The Arkansas Supreme Court has ruled that a city can’t enforce its anti-discrimination law as a case challenging it works its way through the courts.
In 2015, Arkansas passed the Interstate Commerce Improvement Act (ICIA), which prohibits cities and counties from passing anti-discrimination laws that protect categories not mentioned in state law. Arkansas doesn’t ban discrimination against LGBTQ people.
But the city of Fayetteville, a college town of over 70,000 people, bans discrimination against LGBTQ people in both government and private employment.

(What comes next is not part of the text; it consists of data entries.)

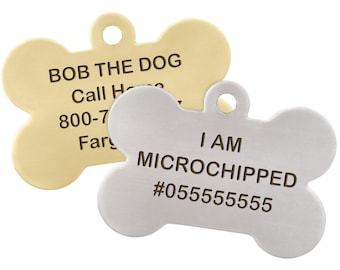 I am Microchipped Bone ID Tag - Laser Engraved - Stainless Steel or Brass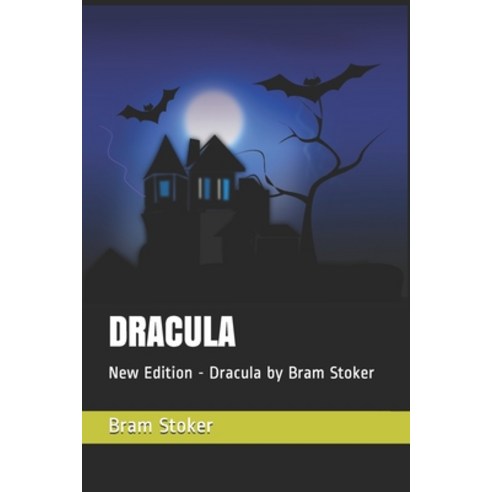 Dracula: New Edition - Dracula by Bram Stoker Paperback, Independently Published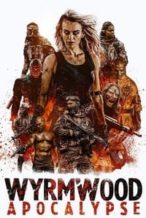 Nonton Film Wyrmwood: Apocalypse (2022) Subtitle Indonesia Streaming Movie Download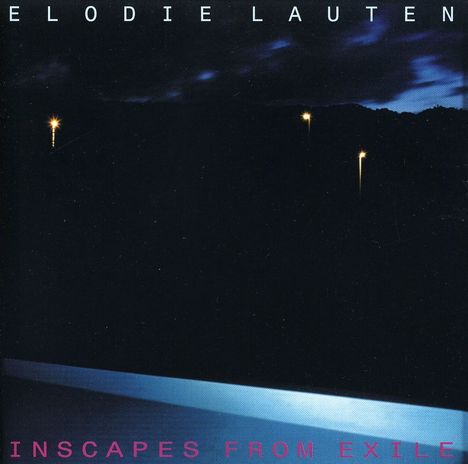 Elodie Lauten: Inscapes From Exil, CD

Fayetteville and Eureka Springs are the only two cities in the state that ban anti-LGBTQ discrimination.
In 2017, the state supreme court ruled that Fayetteville can’t enforce its ban because of the ICIA.

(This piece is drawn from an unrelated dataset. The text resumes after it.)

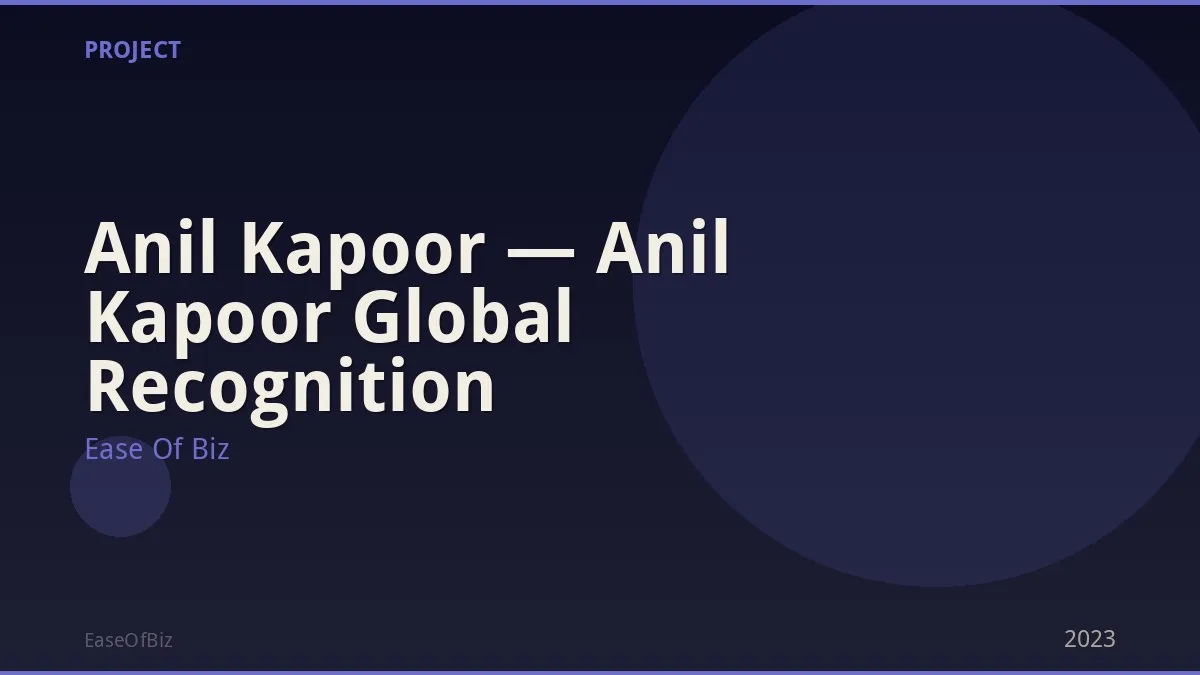 Anil Kapoor — Anil Kapoor Global Recognition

The city then decided to challenge the constitutionality of the law, and a Washington County judge ruled that they could continue to enforce their ordinance until their challenge is decided.
But the state supreme court overturned the county judge’s decision, ruling that the judge exceeded his jurisdiction.

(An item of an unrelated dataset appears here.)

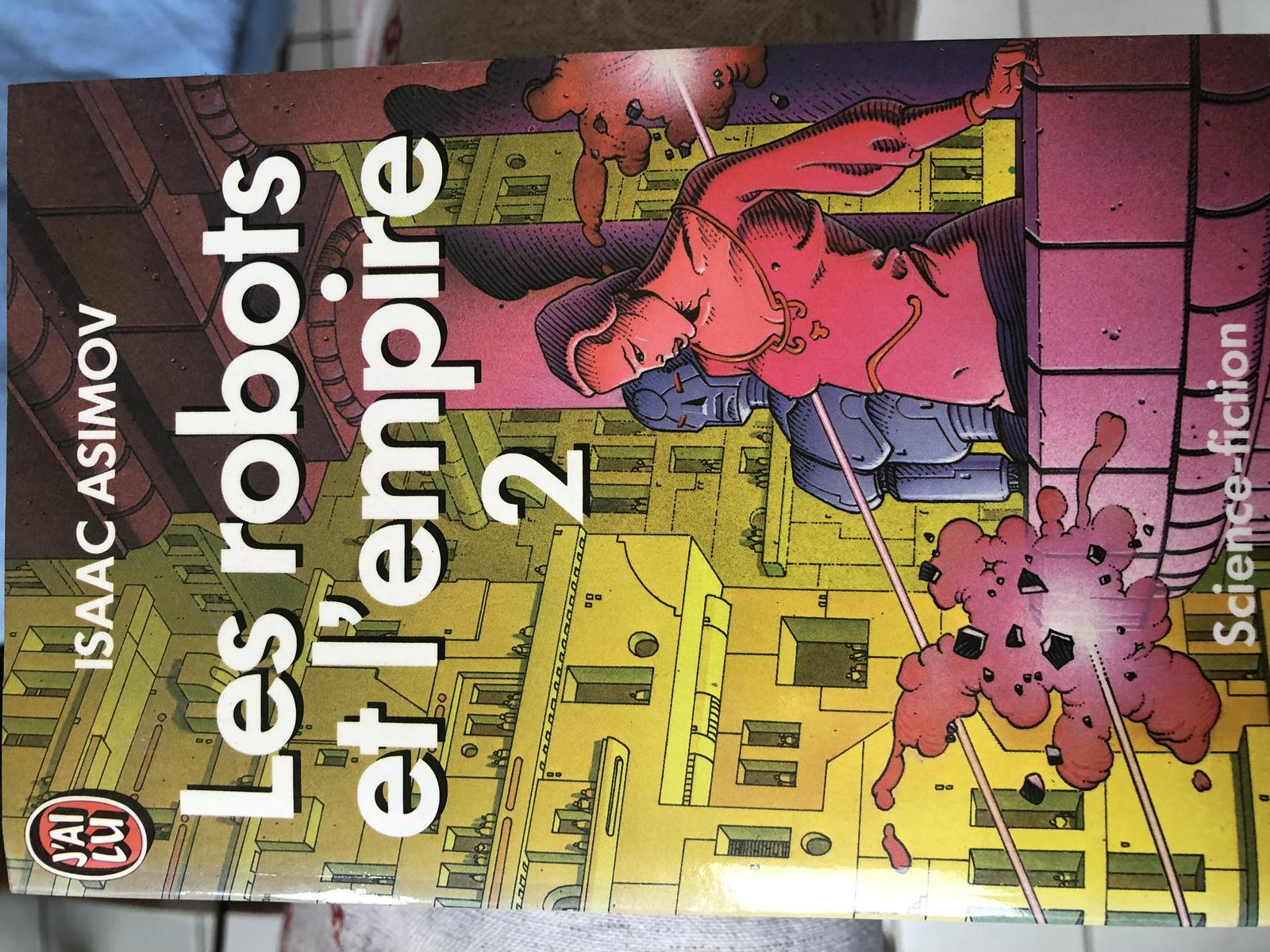 Isaac Asimov: Les Robots et l'empire, tome 2 by Asimov, Isaac; Martin, Jean-Paul (French language, 1986, J'ai Lu)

This doesn’t mean that the ICIA is constitutional. In 1996, the Supreme Court in Romer v. Evans overturned a Colorado ballot initiative that banned cities and counties from passing LGB-inclusive civil rights laws.
In his ruling, Justice Anthony Kennedy wrote, “Its sheer breadth is so discontinuous with the reasons offered for it that the amendment seems inexplicable by anything but animus toward the class that it affects; it lacks a rational relationship to legitimate state interests.”
Today, three states have laws banning cities and counties from passing LGBTQ anti-discrimination laws. North Carolina and Tennessee are the other two.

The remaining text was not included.